How to recognize cerebral arteriovenous malformation?

  Arteriovenous malformations (AVMs) are congenital vascular malformations that can occur in various parts of the central nervous system. They include direct arteriovenous traffic without an intermediate capillary bed. The incidence is about 1/10 of intracranial vascular disease. Pathological features 1. General view (1) Intracranial AVMs resemble a sphere formed by a mass of red and blue threads, which Gusing and Bailey call a tangled mass of blood vessels.  (2) AVMs are mostly tapered, with the bottom located at or parallel to the cortical surface and the tip pointing to the ventricles.  (3) Vascular nests can be dense or diffuse, ranging from a few centimeters to the entire hemisphere.  (4) The adjacent brain parenchyma is stained with iron-containing heme left over from previous hemorrhage, and the surface meninges may be thickened and fibrotic, or collagenous, fibrotic, and calcified.  2. Histological features (1) Arteries ①The arteries of AVM are abnormally dilated, with thinning of the walls in some areas, degeneration or lack of the mesentery and elastic plates.  ② Presence of degeneration, presumably by high flow affecting all shear forces in the vessel wall.

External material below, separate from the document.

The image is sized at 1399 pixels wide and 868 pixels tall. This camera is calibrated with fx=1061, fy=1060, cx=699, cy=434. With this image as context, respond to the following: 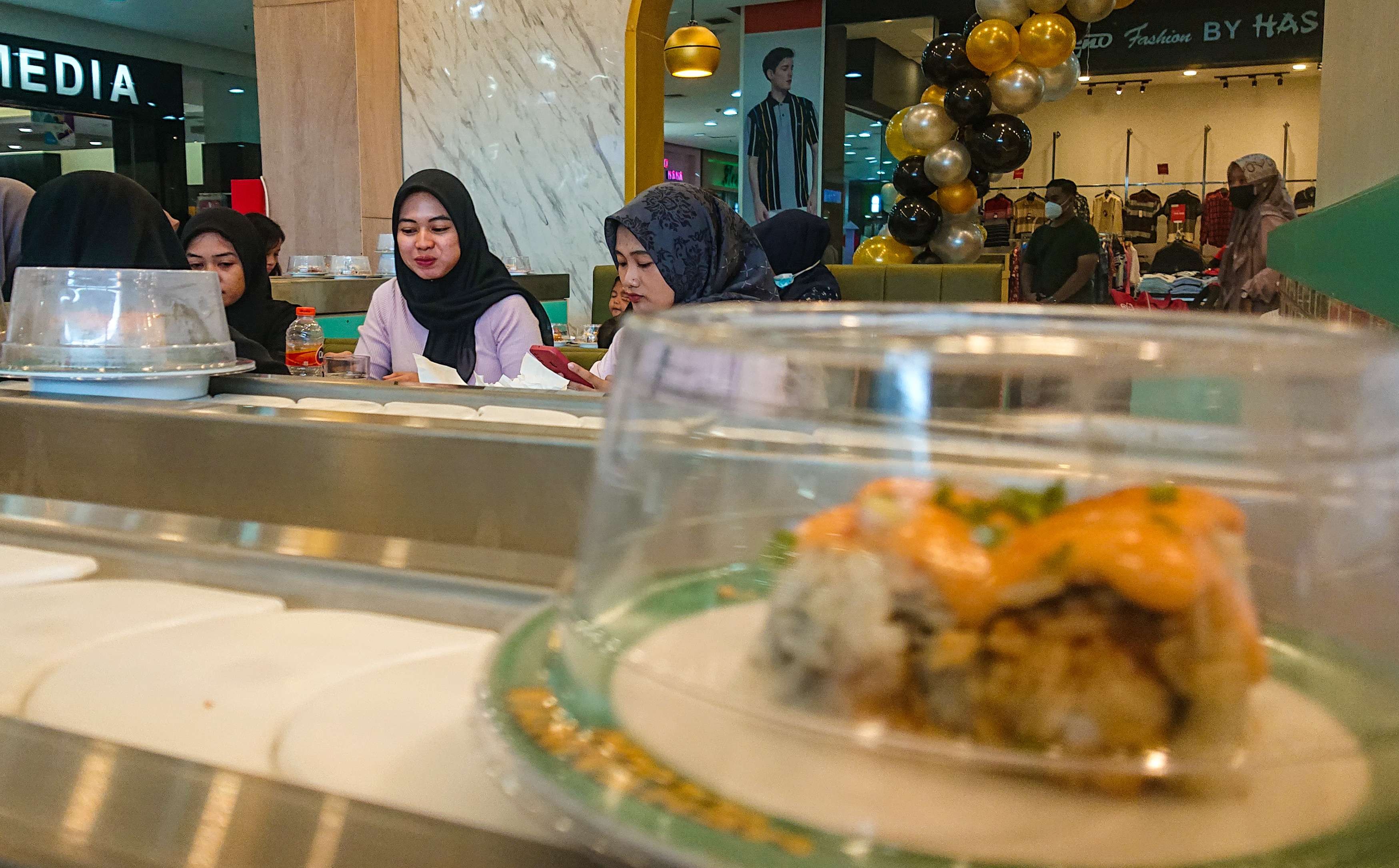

Localized irregular thickening of the vessel wall, endothelial hyperplasia, mesothelial hypertrophy, substrate stratification, and thickening.  (2) Vascular nests (1) Vascular nests may have hypertrophic mesothelium, making it more difficult to identify arteries or veins (2) Vascular nests may have aneurysms and sclerotic insula-like brain tissue (3) Veins (1) “Arterialized” veins with thickened walls due to cellular proliferation (2) Although AVM veins have thickened walls and resemble arteries in general, they lack organic elastic plates and all are not true arterial structures (3) Vascular nests (4) Vascular nests (4) Even in diffuse lesions, there is normal brain tissue between the AVM vessels, but the brain tissue within the AVM is generally nonfunctional.